• _EXERCISE INSTRUCTIONS_:
Output each record below exactly as it stands, leaving out the pictures.

• _SOURCE RECORDS_:
################
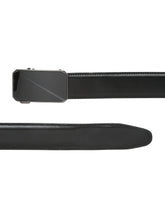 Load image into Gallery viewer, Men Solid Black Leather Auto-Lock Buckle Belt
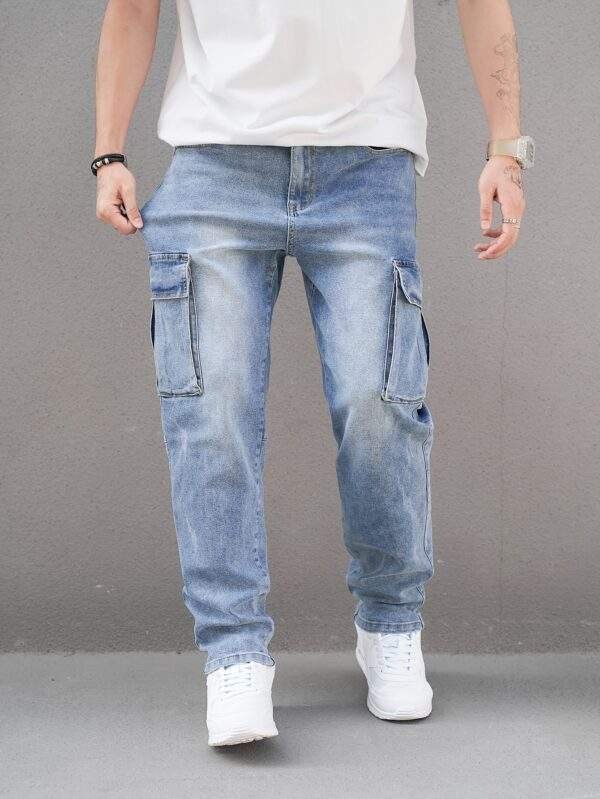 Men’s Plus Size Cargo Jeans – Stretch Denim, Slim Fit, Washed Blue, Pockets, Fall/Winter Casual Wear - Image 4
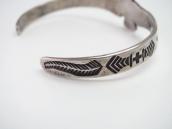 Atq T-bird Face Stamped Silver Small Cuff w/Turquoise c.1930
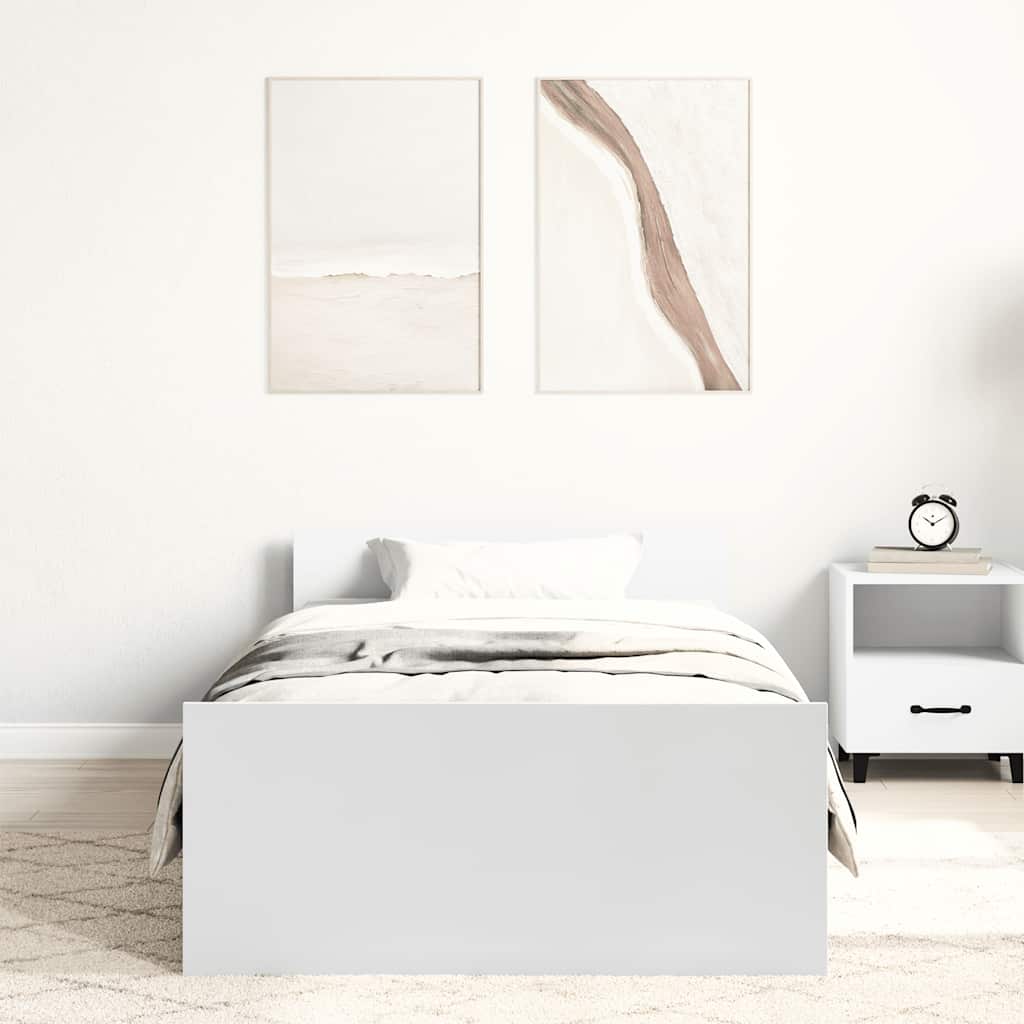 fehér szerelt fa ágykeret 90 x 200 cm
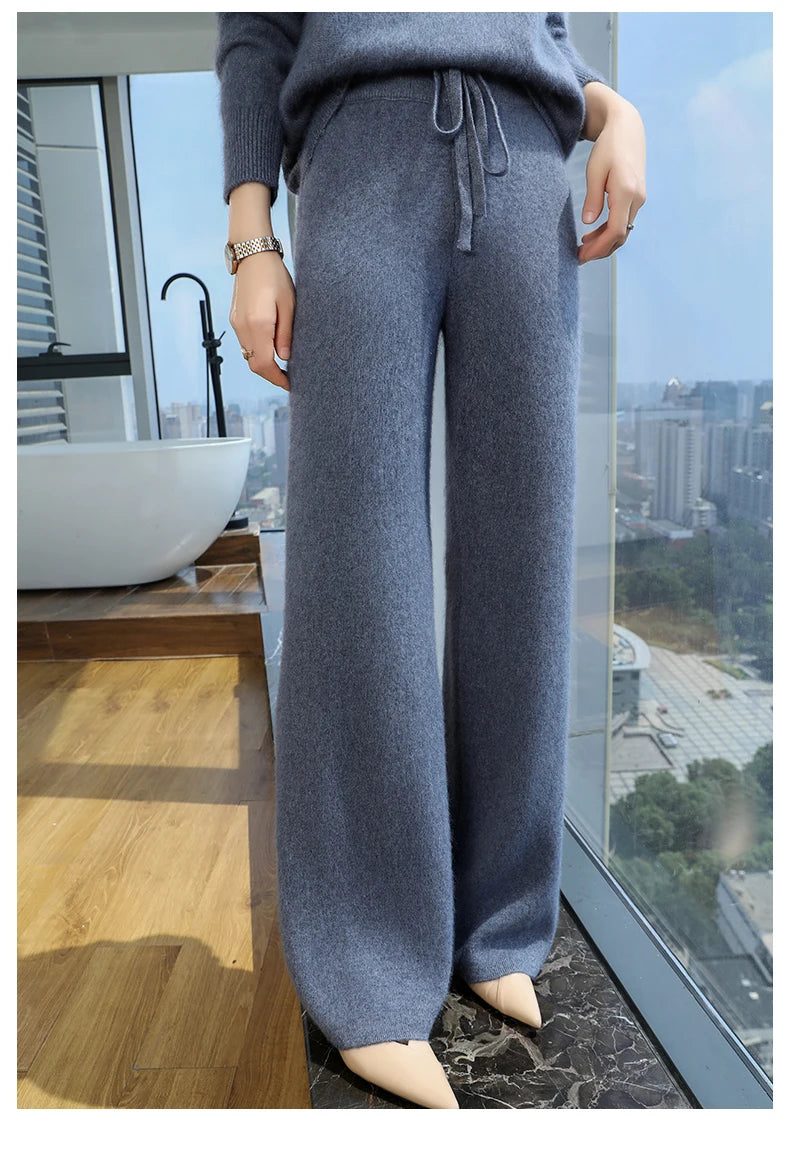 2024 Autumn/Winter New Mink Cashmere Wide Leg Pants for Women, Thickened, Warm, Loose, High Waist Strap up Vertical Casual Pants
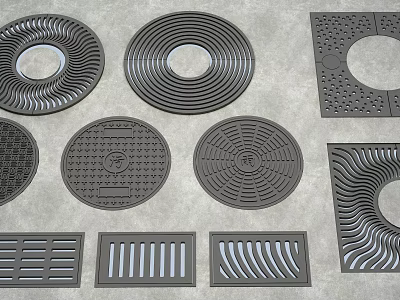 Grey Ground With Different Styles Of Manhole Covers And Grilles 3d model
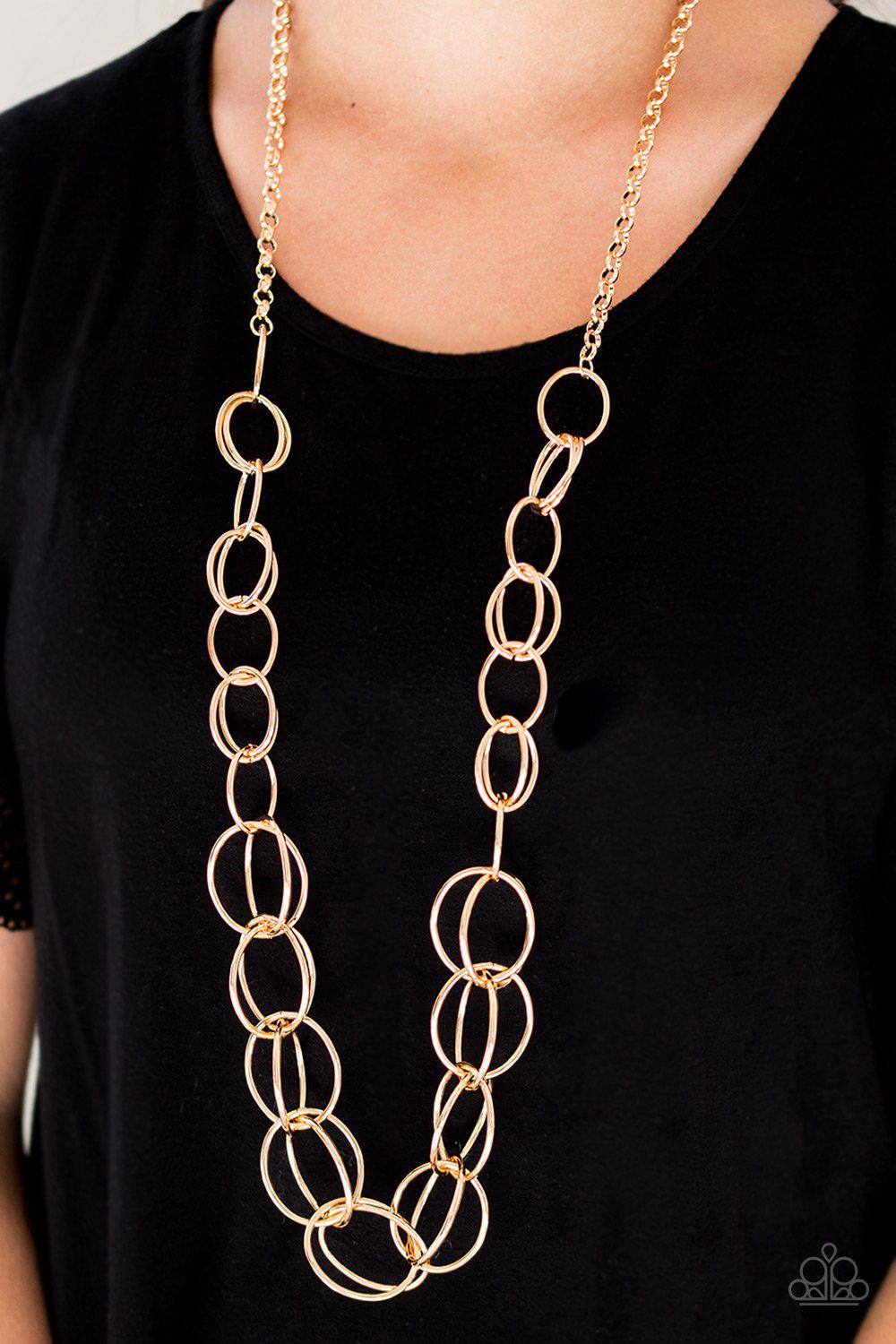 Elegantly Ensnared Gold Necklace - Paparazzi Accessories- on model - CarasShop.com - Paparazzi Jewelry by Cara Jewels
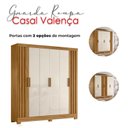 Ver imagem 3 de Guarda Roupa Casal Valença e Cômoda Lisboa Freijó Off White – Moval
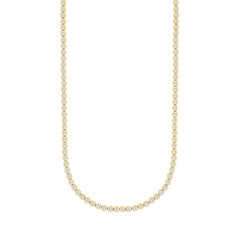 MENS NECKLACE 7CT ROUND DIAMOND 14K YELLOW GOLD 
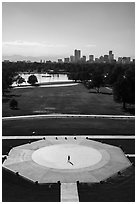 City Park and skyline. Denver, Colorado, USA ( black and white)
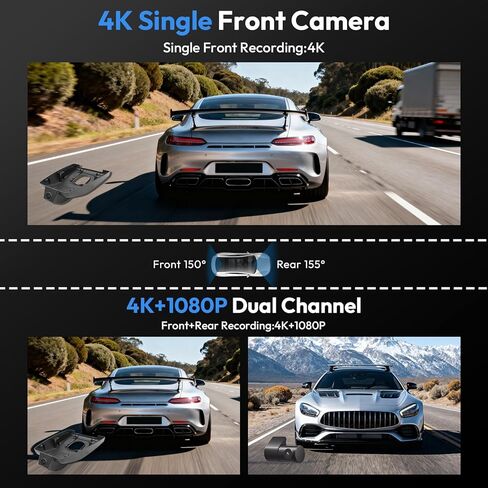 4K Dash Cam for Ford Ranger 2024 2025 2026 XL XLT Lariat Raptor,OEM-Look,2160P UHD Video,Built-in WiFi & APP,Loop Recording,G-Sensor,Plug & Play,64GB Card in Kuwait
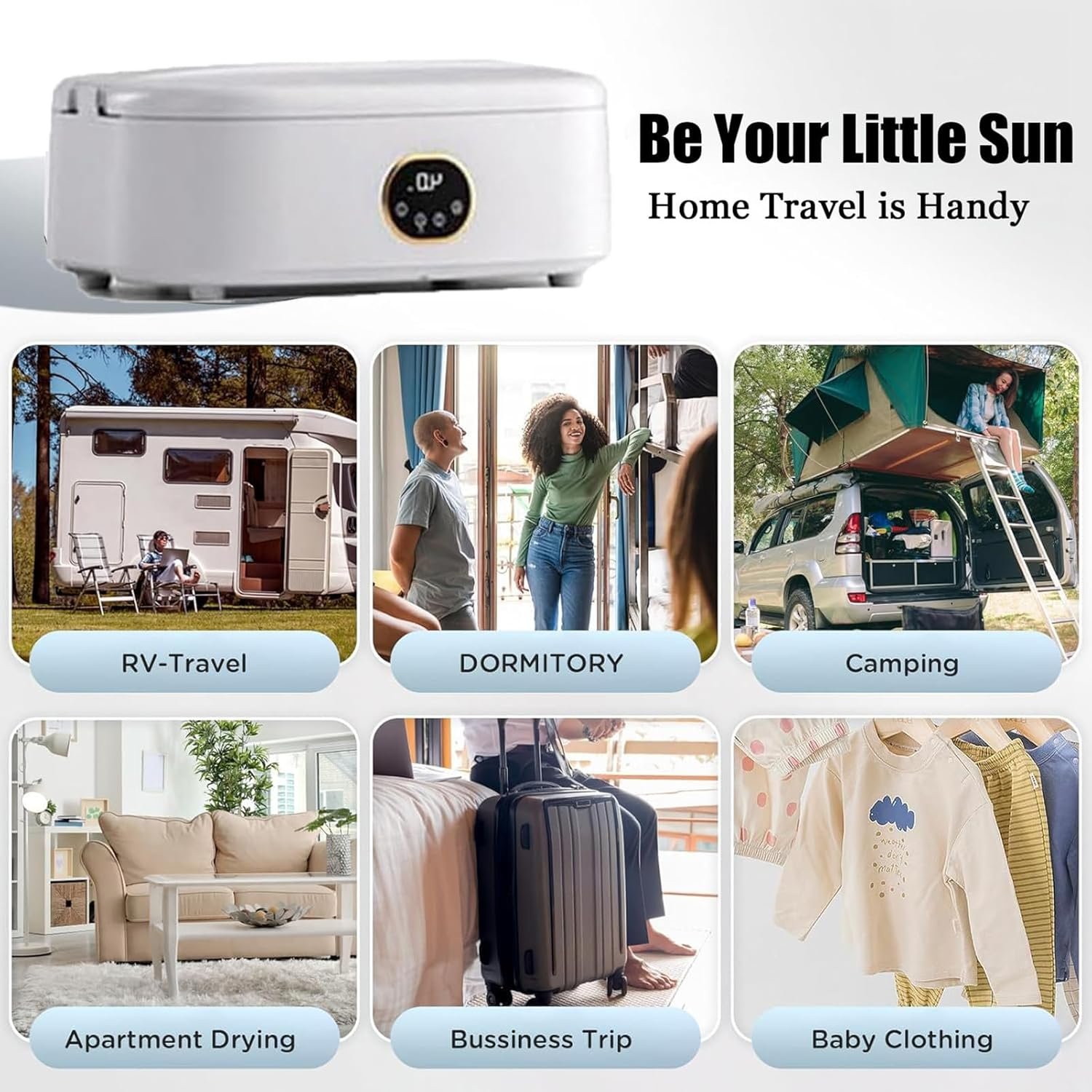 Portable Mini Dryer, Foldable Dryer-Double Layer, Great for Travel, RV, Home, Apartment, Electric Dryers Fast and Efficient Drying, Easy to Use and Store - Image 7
################
• _SOLUTION FOR THIS PROBLEM_:
 Load image into Gallery viewer, Men Solid Black Leather Auto-Lock Buckle Belt
 Men’s Plus Size Cargo Jeans – Stretch Denim, Slim Fit, Washed Blue, Pockets, Fall/Winter Casual Wear - Image 4
 Atq T-bird Face Stamped Silver Small Cuff w/Turquoise c.1930
 fehér szerelt fa ágykeret 90 x 200 cm
 2024 Autumn/Winter New Mink Cashmere Wide Leg Pants for Women, Thickened, Warm, Loose, High Waist Strap up Vertical Casual Pants
 Grey Ground With Different Styles Of Manhole Covers And Grilles 3d model
 Elegantly Ensnared Gold Necklace - Paparazzi Accessories- on model - CarasShop.com - Paparazzi Jewelry by Cara Jewels
 Ver imagem 3 de Guarda Roupa Casal Valença e Cômoda Lisboa Freijó Off White – Moval
 MENS NECKLACE 7CT ROUND DIAMOND 14K YELLOW GOLD 
 City Park and skyline. Denver, Colorado, USA ( black and white)
 4K Dash Cam for Ford Ranger 2024 2025 2026 XL XLT Lariat Raptor,OEM-Look,2160P UHD Video,Built-in WiFi & APP,Loop Recording,G-Sensor,Plug & Play,64GB Card in Kuwait
 Portable Mini Dryer, Foldable Dryer-Double Layer, Great for Travel, RV, Home, Apartment, Electric Dryers Fast and Efficient Drying, Easy to Use and Store - Image 7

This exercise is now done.